While ricocheting virtually from North to South, I discovered – or, to be more accurate – rediscovered – that in today’s partisan universe, even centrism and attempts at non-partisanship can be highly politicized.
- “Ah, you say you’re for centrism,” said a talk radio host in Detroit, “do you think a true centrist would be willing to be an appeaser and talk to dictators who hate America?” Of course, I had no idea which candidate he might be talking about……
- For balance – both geographical and political – a talk radio host from across the aisle in Georgia said: “McCain may talk about centrism but aren’t all Republican policies about greed and selfishness.” Hmm, not sure who he was favoring either…
But my two favorite comments were actually non-partisan comments in defense of partisanship, Dmitri and Bob, right in Washington, DC, introduced my WTOP interview by saying:
“If you want to say a word that sucks the air out of the room – say moderate - -it’s so boring, it just gets people yawning….”
And, more crudely, one radio host asked:
“if you hang out in the middle of the road, doncha just end up as road kill?”

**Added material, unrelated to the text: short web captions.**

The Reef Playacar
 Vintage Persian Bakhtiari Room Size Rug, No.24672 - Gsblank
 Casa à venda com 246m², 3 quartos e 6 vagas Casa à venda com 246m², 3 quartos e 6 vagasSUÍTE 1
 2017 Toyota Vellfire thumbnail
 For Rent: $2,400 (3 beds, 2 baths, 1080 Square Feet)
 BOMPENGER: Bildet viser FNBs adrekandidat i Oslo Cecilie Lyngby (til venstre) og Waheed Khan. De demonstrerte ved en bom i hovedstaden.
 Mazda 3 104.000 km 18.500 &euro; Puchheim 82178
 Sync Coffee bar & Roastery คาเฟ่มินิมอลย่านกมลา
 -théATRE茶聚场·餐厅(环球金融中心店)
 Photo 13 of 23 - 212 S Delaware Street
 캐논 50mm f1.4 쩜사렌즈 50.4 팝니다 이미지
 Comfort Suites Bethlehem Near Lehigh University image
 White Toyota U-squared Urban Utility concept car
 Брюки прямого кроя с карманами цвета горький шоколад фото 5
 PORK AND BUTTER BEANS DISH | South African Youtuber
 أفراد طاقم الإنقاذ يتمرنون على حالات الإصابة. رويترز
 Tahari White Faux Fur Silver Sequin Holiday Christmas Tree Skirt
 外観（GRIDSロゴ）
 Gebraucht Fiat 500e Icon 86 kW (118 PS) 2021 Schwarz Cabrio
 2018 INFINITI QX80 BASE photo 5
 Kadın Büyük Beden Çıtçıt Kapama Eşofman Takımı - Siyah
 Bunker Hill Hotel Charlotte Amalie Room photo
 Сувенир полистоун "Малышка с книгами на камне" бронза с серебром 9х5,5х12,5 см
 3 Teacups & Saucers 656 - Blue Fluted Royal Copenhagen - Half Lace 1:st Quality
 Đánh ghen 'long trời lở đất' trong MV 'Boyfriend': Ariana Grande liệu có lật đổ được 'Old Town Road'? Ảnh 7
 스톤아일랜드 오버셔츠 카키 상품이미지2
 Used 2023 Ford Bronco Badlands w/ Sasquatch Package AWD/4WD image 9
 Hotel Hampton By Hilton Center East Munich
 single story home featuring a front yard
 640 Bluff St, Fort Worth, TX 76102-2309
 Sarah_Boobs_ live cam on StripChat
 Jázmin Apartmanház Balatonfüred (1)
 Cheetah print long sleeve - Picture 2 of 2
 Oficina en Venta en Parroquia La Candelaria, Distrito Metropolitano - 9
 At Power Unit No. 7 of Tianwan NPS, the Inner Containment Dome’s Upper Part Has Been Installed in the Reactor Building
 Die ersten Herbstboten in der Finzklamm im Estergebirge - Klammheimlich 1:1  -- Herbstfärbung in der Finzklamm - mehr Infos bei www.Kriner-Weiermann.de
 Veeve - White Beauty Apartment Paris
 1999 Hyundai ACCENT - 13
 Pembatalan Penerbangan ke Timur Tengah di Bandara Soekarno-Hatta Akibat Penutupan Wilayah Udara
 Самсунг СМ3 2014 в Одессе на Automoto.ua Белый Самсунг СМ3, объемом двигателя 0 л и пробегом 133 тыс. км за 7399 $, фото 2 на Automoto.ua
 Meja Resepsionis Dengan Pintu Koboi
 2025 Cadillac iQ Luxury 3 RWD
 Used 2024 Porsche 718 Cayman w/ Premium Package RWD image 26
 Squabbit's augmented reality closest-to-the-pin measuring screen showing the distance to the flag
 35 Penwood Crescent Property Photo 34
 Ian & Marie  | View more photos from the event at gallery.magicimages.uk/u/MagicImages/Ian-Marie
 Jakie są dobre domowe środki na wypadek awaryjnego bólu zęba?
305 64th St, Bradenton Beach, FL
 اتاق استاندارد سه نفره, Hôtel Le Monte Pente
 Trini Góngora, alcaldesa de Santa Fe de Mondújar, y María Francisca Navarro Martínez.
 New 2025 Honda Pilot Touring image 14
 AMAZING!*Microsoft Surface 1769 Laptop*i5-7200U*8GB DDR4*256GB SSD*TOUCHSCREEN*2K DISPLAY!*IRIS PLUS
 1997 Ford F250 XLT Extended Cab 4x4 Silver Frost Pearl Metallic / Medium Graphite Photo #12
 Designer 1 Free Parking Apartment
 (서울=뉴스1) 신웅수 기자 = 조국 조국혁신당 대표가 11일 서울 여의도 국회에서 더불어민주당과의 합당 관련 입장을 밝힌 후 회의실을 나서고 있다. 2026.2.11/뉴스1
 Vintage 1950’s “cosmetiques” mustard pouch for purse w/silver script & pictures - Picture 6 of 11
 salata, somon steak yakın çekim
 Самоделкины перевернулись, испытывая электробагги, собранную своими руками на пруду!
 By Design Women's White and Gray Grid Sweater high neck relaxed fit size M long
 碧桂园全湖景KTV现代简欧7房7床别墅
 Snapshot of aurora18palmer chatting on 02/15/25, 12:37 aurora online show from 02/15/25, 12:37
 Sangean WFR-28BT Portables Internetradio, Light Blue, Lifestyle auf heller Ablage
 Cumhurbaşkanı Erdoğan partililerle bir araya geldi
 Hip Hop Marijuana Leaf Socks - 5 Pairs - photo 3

This slam reminded of the Texas populist Jim Hightower’s 1997 polemic against his fellow Democrat Bill Clinton’s centrism entitled: There’s Nothing in the Middle of the Road but Yellow Stripes and Dead Armadilloes.
This, of course, is the problem. We need to remember that there is a rich, vigorous tradition of muscular moderation in America, of dynamic leaders who sought the center out of strength not weakness, seeking to unite the country not just rile the partisans. Both Barack Obama and John McCain, in different ways, have said they want to lead from the center. Unless we figure out how to give them positive reinforcement for that constructive centrism, unless we push for moderation, we will see yet another round of red versus blue divisive politics.